**Short web captions**
= Beginning of Section =

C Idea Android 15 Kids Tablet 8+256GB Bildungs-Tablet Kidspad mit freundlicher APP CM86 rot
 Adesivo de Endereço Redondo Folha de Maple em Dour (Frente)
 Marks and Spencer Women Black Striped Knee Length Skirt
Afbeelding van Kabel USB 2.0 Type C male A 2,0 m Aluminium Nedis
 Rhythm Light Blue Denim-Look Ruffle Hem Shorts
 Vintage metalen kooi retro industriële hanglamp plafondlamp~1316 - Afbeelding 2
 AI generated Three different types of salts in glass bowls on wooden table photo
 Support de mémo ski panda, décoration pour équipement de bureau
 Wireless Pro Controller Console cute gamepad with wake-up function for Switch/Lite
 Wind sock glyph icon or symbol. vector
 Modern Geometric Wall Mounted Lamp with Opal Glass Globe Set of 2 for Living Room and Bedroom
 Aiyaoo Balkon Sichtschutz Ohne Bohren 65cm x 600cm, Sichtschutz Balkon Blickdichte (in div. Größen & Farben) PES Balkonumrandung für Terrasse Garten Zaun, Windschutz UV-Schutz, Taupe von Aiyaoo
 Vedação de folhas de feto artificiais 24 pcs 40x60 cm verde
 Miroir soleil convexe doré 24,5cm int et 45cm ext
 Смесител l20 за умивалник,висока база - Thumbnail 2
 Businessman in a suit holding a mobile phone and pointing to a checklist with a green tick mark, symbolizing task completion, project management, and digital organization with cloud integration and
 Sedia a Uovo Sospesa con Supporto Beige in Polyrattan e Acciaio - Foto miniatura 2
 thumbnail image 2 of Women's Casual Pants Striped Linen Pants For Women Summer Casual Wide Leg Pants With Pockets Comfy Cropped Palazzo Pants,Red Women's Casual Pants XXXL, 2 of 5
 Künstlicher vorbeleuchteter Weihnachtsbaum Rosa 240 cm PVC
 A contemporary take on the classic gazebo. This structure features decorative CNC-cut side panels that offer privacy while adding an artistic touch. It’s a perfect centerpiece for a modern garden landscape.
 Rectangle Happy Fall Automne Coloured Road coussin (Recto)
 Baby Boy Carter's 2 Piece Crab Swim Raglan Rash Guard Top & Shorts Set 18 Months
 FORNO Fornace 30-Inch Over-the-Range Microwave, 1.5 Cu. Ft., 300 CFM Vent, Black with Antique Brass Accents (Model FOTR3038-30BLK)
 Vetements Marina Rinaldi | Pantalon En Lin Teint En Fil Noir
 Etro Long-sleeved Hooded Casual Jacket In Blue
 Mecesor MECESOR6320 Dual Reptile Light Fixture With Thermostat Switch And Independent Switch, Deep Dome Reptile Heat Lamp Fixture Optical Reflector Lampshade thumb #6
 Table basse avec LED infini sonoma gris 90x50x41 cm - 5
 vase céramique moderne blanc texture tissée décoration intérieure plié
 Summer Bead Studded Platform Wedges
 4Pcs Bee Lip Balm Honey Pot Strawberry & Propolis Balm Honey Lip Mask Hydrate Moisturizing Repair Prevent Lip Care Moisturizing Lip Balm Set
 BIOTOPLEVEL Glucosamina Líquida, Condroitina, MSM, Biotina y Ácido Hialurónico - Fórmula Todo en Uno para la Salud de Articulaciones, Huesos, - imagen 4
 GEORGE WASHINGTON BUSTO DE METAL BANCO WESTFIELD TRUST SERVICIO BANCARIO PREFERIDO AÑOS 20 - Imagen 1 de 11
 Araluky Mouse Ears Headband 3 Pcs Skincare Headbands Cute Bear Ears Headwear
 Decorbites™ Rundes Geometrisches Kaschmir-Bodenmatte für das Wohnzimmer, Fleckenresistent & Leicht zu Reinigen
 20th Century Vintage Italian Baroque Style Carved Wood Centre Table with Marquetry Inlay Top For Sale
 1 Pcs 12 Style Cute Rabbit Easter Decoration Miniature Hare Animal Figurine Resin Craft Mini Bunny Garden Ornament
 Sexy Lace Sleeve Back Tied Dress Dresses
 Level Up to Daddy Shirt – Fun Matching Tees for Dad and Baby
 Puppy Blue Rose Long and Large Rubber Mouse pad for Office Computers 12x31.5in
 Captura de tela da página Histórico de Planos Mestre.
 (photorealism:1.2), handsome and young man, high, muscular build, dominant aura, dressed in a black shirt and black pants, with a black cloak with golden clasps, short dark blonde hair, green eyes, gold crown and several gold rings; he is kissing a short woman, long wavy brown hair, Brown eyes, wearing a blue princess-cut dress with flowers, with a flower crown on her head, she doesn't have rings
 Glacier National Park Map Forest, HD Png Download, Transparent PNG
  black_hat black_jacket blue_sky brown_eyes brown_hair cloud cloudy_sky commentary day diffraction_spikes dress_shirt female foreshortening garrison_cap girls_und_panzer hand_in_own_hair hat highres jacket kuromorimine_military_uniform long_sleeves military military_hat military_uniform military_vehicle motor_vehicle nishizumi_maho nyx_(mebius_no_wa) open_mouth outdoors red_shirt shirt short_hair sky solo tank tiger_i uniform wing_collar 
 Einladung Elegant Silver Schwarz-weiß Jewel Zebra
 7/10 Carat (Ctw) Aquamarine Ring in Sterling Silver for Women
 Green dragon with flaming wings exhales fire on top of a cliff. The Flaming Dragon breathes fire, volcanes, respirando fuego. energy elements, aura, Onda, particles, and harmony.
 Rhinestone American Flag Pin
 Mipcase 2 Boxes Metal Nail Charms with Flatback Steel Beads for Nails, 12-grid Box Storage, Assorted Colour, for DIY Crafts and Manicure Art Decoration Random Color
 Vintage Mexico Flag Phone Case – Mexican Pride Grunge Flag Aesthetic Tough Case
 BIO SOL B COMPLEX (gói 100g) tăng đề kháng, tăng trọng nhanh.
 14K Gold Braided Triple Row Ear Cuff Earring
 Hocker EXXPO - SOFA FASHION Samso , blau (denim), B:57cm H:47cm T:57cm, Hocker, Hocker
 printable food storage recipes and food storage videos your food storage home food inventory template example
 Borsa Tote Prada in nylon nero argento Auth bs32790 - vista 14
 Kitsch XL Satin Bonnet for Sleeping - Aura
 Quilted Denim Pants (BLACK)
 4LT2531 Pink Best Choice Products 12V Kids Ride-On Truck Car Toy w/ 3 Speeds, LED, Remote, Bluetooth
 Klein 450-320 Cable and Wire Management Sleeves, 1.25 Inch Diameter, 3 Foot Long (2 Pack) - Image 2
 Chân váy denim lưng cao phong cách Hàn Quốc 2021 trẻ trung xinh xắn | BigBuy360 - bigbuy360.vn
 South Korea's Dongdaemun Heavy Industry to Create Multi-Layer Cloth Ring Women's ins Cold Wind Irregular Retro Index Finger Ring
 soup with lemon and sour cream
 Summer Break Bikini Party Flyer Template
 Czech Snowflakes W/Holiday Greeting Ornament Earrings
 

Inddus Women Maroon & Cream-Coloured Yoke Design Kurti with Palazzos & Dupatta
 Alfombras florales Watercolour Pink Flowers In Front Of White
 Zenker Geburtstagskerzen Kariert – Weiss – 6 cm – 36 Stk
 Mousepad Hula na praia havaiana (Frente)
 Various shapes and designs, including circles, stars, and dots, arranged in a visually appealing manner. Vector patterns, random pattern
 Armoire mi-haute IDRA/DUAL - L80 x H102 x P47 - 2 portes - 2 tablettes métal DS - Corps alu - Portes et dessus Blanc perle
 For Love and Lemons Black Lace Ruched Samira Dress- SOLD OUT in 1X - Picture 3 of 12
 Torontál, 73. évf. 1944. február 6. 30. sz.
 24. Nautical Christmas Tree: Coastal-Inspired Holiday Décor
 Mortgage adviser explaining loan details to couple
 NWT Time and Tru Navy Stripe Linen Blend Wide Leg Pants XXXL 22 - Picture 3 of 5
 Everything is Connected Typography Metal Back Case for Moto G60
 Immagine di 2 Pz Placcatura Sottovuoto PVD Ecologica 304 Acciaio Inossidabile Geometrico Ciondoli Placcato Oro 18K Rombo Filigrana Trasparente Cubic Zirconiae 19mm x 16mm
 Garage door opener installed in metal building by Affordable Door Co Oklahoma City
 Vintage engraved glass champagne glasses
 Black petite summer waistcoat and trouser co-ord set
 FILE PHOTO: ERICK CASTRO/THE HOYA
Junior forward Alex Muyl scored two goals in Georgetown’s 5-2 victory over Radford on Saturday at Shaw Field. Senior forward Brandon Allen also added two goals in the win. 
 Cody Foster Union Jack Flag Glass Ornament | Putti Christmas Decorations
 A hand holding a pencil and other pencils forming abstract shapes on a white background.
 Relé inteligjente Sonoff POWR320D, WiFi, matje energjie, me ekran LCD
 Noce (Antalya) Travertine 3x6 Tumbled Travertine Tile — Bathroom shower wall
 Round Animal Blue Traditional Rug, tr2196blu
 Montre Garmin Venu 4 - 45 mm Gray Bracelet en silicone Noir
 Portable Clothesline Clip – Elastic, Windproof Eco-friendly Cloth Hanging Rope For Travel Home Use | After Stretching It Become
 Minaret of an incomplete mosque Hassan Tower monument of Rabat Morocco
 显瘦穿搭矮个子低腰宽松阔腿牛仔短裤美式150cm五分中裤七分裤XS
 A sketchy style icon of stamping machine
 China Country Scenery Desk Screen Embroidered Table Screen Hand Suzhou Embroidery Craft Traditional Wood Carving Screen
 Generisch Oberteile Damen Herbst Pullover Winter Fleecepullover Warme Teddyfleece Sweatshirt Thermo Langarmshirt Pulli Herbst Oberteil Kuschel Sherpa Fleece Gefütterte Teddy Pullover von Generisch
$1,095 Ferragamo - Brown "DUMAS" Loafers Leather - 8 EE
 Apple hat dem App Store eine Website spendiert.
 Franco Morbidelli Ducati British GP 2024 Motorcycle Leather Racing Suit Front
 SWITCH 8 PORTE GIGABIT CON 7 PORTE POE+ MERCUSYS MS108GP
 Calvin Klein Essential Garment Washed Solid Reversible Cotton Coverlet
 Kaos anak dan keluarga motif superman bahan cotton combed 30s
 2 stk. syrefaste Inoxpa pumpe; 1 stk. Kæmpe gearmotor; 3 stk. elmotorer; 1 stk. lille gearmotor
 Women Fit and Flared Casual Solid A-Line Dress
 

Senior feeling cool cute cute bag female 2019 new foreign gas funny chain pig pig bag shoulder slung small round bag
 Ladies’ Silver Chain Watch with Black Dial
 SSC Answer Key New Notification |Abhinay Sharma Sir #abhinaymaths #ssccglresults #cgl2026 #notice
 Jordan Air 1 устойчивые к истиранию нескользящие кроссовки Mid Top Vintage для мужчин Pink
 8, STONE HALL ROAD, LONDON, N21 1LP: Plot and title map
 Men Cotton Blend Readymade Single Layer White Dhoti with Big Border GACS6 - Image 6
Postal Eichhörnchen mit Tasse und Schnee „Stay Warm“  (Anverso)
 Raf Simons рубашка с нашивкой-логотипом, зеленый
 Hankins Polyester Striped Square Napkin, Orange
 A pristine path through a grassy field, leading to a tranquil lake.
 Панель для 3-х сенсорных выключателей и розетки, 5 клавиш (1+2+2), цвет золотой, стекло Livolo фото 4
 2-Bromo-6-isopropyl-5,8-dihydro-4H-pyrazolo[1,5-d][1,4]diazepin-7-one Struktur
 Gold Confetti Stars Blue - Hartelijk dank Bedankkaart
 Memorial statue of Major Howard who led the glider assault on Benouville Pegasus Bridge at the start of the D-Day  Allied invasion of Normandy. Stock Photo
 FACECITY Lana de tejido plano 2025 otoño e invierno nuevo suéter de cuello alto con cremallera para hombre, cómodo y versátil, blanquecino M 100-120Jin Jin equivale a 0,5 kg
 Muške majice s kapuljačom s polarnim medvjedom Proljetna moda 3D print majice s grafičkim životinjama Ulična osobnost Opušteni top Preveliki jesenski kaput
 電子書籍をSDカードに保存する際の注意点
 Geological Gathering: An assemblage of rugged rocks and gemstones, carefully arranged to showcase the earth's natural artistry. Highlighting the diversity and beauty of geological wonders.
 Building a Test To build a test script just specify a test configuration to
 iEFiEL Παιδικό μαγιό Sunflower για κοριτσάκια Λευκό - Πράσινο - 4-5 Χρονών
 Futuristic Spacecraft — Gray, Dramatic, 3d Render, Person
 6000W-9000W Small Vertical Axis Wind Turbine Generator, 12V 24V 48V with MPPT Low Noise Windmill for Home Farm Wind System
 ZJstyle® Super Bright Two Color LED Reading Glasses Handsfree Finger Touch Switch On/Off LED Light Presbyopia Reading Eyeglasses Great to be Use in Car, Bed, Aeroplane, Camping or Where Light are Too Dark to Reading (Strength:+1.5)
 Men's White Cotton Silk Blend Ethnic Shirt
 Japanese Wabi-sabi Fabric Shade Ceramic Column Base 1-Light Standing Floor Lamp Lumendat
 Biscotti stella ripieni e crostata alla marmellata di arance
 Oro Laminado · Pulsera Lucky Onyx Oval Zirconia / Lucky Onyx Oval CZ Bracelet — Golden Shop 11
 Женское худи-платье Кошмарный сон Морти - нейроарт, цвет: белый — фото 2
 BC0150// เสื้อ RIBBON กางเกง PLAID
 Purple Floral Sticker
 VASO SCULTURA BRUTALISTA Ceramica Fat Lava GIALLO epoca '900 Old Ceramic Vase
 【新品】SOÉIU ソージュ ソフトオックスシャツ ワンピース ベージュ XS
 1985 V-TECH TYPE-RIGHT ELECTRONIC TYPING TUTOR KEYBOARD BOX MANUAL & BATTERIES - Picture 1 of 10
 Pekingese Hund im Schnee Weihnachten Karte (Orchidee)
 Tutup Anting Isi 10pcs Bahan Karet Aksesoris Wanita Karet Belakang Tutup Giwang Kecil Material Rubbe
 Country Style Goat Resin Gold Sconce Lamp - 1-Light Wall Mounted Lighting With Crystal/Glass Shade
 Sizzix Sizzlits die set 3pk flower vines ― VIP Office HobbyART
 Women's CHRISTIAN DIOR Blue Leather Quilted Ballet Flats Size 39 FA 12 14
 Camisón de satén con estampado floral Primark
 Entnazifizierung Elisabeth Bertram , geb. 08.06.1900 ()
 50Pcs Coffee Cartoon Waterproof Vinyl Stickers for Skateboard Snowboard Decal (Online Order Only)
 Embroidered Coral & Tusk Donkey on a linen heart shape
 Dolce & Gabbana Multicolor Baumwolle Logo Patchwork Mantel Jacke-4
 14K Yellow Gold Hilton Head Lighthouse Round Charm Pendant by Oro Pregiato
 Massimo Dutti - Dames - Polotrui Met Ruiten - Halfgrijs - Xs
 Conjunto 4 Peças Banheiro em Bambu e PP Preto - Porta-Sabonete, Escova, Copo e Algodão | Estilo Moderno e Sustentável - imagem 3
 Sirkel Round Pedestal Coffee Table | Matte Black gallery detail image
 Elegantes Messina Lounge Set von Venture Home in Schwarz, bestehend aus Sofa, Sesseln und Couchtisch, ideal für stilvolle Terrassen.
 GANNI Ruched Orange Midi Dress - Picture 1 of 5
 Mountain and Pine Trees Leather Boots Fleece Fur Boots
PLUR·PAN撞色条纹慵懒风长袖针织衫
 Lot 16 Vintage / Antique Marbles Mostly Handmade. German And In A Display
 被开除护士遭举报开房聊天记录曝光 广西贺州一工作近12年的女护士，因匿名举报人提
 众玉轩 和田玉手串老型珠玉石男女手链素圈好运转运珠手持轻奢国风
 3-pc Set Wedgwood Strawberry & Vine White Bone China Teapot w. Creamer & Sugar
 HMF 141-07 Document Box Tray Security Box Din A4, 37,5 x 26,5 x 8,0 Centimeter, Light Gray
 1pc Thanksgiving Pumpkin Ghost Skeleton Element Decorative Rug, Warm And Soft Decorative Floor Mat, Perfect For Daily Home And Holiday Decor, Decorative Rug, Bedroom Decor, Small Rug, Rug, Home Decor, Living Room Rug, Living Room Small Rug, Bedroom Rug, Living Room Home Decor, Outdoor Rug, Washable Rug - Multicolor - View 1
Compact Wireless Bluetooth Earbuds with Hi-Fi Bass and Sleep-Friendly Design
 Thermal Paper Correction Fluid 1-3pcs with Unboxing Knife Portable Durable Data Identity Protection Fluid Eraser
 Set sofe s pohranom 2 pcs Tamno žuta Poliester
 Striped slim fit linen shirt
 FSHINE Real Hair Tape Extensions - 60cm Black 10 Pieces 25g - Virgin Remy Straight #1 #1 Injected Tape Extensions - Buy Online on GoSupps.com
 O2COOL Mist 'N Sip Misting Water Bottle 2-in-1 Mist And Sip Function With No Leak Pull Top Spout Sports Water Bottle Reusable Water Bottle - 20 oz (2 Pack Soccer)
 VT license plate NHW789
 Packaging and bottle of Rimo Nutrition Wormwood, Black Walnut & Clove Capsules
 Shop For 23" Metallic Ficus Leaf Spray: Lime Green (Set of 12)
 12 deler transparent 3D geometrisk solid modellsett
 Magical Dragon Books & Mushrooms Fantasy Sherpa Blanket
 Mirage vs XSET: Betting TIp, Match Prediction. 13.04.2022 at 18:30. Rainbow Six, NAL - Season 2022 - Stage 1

= End of Section =

**Work instructions**
The output should be exactly the lines above from the line containing "vase céramique moderne" to the line containing "Glacier National Park", inclusive, with no other lines.

**Answer**
 vase céramique moderne blanc texture tissée décoration intérieure plié
 Summer Bead Studded Platform Wedges
 4Pcs Bee Lip Balm Honey Pot Strawberry & Propolis Balm Honey Lip Mask Hydrate Moisturizing Repair Prevent Lip Care Moisturizing Lip Balm Set
 BIOTOPLEVEL Glucosamina Líquida, Condroitina, MSM, Biotina y Ácido Hialurónico - Fórmula Todo en Uno para la Salud de Articulaciones, Huesos, - imagen 4
 GEORGE WASHINGTON BUSTO DE METAL BANCO WESTFIELD TRUST SERVICIO BANCARIO PREFERIDO AÑOS 20 - Imagen 1 de 11
 Araluky Mouse Ears Headband 3 Pcs Skincare Headbands Cute Bear Ears Headwear
 Decorbites™ Rundes Geometrisches Kaschmir-Bodenmatte für das Wohnzimmer, Fleckenresistent & Leicht zu Reinigen
 20th Century Vintage Italian Baroque Style Carved Wood Centre Table with Marquetry Inlay Top For Sale
 1 Pcs 12 Style Cute Rabbit Easter Decoration Miniature Hare Animal Figurine Resin Craft Mini Bunny Garden Ornament
 Sexy Lace Sleeve Back Tied Dress Dresses
 Level Up to Daddy Shirt – Fun Matching Tees for Dad and Baby
 Puppy Blue Rose Long and Large Rubber Mouse pad for Office Computers 12x31.5in
 Captura de tela da página Histórico de Planos Mestre.
 (photorealism:1.2), handsome and young man, high, muscular build, dominant aura, dressed in a black shirt and black pants, with a black cloak with golden clasps, short dark blonde hair, green eyes, gold crown and several gold rings; he is kissing a short woman, long wavy brown hair, Brown eyes, wearing a blue princess-cut dress with flowers, with a flower crown on her head, she doesn't have rings
 Glacier National Park Map Forest, HD Png Download, Transparent PNG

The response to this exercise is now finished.